A ‘violent, head-on collision’ between Earth and a developing planet called Theia formed the planet that we live on today and also created the moon, according to new research.

A ‘planetary embryo’ called Theia, thought to be around the same size as Earth or Mars, collided with Earth 4.5 billion years ago with the two being effectively melded together to form a single planet, says the study.

The head-on smash took place approximately 100 million years after the Earth was formed.

While it was already known that the two planets collided, it was previously thought that Theia merely grazed Earth, causing the former to break up, with a piece of the fledgling planet forming the moon.
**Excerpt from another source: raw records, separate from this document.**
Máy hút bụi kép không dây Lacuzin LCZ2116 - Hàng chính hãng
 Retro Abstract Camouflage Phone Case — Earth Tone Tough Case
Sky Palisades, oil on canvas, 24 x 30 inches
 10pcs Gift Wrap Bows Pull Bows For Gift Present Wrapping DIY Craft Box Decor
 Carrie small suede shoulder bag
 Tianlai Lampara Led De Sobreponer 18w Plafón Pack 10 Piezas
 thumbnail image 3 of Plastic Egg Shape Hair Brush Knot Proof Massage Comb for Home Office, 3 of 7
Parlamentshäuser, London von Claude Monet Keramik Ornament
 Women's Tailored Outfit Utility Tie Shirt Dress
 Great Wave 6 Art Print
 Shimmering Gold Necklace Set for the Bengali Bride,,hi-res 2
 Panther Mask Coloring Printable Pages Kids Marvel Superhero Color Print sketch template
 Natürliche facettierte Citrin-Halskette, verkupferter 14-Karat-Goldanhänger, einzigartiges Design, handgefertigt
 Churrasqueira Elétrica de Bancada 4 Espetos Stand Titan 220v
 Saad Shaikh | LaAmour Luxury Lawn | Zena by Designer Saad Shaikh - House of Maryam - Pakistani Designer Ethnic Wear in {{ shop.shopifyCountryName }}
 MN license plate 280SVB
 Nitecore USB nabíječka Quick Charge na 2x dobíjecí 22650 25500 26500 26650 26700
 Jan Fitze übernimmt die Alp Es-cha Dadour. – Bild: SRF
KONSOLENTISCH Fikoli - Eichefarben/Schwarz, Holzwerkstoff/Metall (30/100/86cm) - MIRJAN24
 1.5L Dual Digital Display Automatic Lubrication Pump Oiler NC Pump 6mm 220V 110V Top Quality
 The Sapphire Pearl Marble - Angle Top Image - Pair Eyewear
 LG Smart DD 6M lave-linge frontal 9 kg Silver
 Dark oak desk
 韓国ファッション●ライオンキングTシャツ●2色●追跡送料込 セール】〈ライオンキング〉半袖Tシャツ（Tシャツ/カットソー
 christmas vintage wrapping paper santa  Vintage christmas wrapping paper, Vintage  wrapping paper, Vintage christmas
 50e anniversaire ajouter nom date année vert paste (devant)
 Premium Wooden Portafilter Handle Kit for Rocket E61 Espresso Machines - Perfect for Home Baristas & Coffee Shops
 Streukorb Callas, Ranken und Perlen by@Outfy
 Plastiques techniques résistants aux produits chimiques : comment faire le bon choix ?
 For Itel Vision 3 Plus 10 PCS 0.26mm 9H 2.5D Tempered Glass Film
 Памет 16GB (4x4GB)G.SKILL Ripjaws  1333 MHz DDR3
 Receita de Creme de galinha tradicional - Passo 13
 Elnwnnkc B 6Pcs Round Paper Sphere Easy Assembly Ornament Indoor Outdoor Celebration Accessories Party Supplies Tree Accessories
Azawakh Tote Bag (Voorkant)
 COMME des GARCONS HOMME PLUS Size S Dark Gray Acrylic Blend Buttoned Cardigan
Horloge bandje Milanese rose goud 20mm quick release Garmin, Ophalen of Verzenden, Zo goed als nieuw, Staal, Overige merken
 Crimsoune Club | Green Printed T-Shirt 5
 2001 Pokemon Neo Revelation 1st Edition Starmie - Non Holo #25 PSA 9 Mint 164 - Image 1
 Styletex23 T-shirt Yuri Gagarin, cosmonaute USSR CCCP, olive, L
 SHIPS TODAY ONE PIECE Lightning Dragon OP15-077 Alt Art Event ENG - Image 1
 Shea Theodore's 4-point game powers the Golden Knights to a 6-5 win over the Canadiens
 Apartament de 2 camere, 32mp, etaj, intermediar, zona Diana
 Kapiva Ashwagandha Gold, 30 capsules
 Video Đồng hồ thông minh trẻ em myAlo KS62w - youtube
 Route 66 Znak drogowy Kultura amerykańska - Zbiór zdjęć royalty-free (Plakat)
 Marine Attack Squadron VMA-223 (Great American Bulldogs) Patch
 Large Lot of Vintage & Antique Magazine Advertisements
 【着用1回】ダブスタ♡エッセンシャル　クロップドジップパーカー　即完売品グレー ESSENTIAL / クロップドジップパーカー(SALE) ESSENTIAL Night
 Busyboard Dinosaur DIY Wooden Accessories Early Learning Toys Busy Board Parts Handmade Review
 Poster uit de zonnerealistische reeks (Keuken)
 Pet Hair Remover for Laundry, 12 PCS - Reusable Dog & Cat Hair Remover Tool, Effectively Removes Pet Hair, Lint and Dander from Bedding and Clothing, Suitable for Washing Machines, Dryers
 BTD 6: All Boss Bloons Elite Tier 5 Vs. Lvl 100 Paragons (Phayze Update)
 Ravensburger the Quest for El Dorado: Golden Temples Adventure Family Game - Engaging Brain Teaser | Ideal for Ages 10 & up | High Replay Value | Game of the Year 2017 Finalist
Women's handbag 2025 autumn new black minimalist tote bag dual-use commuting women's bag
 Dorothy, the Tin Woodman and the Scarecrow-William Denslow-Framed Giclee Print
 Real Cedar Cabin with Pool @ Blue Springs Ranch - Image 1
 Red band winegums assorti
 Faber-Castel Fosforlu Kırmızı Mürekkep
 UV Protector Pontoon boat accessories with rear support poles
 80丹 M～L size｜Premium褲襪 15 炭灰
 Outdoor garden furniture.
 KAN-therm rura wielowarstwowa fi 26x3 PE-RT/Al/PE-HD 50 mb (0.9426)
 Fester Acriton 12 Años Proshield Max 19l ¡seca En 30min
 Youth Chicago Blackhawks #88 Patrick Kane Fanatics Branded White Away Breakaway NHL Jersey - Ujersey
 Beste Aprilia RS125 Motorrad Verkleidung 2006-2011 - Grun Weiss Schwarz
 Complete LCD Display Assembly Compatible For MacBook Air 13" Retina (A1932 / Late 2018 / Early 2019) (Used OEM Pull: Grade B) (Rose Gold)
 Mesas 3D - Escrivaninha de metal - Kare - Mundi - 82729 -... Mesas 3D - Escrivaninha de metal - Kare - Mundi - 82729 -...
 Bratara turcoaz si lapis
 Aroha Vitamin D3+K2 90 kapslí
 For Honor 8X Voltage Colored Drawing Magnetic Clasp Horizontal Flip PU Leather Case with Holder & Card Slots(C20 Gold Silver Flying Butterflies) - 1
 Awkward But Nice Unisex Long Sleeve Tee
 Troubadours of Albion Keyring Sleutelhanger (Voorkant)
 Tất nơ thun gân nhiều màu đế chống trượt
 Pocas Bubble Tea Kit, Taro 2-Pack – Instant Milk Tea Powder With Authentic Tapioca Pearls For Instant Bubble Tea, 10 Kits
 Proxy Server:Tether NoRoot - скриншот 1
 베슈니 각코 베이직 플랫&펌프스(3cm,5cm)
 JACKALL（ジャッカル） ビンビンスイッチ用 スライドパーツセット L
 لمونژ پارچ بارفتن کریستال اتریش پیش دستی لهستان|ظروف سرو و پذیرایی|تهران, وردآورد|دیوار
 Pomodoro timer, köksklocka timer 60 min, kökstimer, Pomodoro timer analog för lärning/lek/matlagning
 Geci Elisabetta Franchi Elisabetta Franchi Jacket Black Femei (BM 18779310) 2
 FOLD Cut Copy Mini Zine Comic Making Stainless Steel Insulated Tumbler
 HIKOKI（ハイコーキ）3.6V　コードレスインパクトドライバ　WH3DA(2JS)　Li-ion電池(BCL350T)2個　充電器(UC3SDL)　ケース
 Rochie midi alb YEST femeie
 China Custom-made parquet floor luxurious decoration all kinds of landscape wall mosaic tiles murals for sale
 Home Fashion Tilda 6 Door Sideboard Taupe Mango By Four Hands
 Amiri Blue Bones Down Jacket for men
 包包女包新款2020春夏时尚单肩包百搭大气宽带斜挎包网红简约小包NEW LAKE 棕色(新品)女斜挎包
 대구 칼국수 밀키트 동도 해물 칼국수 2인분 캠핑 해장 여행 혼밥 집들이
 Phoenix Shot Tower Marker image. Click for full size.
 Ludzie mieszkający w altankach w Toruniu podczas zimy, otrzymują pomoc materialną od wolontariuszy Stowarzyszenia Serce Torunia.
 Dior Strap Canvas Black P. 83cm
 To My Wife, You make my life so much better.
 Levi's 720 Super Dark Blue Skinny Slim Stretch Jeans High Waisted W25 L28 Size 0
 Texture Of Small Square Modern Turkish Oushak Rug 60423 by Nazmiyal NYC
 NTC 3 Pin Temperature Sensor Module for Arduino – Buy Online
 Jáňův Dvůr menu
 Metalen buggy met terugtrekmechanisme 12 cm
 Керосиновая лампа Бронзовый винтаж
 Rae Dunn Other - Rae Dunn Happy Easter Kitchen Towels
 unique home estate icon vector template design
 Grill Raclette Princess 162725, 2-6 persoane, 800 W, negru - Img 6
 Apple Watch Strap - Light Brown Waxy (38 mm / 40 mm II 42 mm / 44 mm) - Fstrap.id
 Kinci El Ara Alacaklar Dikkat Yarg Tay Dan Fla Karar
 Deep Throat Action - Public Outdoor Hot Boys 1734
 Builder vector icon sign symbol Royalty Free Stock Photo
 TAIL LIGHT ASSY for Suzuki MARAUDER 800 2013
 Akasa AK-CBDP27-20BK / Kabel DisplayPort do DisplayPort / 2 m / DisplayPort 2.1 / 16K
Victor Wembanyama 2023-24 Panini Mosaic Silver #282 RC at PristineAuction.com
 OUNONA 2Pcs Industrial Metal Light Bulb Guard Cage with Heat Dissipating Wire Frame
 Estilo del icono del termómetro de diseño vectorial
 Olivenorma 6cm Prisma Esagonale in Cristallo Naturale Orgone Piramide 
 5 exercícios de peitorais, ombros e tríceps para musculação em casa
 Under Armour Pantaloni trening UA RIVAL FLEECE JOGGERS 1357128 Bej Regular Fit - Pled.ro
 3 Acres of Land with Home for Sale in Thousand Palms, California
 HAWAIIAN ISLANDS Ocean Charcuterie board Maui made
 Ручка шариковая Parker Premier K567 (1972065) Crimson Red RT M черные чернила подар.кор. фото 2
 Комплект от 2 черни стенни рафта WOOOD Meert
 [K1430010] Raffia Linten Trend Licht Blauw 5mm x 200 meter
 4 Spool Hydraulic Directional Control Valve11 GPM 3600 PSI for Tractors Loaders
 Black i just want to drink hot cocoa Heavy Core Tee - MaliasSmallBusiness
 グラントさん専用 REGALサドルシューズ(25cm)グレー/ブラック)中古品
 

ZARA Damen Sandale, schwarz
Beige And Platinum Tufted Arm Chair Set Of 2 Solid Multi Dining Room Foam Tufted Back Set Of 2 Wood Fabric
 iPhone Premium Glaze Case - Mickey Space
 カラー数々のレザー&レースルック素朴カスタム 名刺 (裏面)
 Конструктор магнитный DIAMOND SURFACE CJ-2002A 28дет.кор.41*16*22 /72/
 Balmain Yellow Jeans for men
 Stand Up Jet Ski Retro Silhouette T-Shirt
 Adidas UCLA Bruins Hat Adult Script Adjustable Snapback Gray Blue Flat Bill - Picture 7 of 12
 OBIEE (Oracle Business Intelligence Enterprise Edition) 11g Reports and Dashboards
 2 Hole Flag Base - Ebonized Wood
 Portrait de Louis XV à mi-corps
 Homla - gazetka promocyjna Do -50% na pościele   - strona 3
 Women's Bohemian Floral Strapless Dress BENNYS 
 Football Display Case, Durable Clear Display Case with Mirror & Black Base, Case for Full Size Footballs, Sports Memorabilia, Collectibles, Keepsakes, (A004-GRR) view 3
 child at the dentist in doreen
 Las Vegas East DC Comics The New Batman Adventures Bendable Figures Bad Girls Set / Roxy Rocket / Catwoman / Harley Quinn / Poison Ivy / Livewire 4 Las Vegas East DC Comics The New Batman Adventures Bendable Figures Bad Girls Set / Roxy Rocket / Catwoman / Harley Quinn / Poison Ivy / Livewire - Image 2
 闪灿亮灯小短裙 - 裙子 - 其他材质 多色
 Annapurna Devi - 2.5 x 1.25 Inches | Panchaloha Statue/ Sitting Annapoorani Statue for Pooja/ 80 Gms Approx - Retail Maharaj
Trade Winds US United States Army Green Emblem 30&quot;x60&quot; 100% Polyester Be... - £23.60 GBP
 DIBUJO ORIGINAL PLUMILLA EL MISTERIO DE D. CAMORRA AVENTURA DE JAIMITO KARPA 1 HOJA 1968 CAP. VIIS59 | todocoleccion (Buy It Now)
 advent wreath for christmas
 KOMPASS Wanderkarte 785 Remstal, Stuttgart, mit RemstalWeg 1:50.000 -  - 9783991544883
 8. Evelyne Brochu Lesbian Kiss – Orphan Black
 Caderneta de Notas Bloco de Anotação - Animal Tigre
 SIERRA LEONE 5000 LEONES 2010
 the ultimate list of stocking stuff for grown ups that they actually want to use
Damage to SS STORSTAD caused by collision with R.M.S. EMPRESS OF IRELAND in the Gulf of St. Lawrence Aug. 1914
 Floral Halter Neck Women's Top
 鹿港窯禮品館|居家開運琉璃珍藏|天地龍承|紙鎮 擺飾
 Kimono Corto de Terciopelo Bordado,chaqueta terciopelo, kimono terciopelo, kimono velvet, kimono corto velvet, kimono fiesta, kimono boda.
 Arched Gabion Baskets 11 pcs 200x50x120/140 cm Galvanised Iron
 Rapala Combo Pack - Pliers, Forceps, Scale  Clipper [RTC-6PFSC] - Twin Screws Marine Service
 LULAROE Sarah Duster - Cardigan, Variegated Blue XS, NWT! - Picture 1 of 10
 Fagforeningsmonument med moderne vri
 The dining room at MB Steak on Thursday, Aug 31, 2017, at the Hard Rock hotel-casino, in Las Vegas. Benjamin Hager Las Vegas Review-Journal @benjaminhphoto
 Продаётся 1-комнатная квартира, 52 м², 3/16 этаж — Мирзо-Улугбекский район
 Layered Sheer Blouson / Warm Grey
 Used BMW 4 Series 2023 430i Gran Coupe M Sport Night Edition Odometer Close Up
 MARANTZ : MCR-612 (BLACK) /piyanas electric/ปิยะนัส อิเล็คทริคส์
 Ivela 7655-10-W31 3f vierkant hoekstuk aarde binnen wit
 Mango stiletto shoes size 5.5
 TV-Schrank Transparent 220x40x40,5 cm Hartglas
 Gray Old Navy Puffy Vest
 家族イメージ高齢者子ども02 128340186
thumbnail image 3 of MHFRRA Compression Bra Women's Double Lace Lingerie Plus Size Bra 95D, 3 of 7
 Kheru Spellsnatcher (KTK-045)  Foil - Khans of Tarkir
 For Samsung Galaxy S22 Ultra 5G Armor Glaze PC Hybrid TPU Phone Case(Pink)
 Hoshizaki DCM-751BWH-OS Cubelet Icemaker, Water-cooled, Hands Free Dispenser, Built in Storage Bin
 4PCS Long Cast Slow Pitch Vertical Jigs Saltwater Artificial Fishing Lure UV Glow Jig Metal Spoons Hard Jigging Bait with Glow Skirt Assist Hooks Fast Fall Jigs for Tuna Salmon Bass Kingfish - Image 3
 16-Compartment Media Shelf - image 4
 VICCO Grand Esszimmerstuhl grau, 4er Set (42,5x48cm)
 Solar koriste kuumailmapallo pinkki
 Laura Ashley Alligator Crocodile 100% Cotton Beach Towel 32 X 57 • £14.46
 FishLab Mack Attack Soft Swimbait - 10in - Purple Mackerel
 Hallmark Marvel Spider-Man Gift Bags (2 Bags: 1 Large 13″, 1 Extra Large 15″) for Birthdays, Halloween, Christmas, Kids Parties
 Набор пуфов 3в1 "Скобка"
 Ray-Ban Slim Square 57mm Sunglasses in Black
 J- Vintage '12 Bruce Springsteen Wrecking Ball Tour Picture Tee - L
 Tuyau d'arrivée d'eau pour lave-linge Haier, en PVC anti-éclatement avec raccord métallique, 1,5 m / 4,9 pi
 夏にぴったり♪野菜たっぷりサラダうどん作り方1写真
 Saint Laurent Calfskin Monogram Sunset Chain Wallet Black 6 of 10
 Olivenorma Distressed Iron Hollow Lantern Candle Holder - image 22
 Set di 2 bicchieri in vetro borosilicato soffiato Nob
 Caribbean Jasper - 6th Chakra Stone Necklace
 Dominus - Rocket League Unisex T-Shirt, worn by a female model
If that were the case, the moon would have a different chemical composition to Earth because it would be made up predominantly of Theia.

Researchers at the University of California studied moon rocks brought back to Earth by the Apollo 12, 15 and 17 missions, along with volcanic rocks from the Earth’s mantle, found in Hawaii and Arizona.

They found that the rocks from the moon and Earth had almost identical oxygen isotopes, turning the previous theory on its head.

“Theia was thoroughly mixed into both the Earth and the moon, and evenly dispersed between them,” said lead researcher Edward Young. “This explains why we don’t see a different signature of Theia in the moon versus the Earth.”

While Theia ended up incorporated into Earth, Young says that it would probably have become a planet in its own right if the collision hadn’t taken place.

The research was published in the journal Science.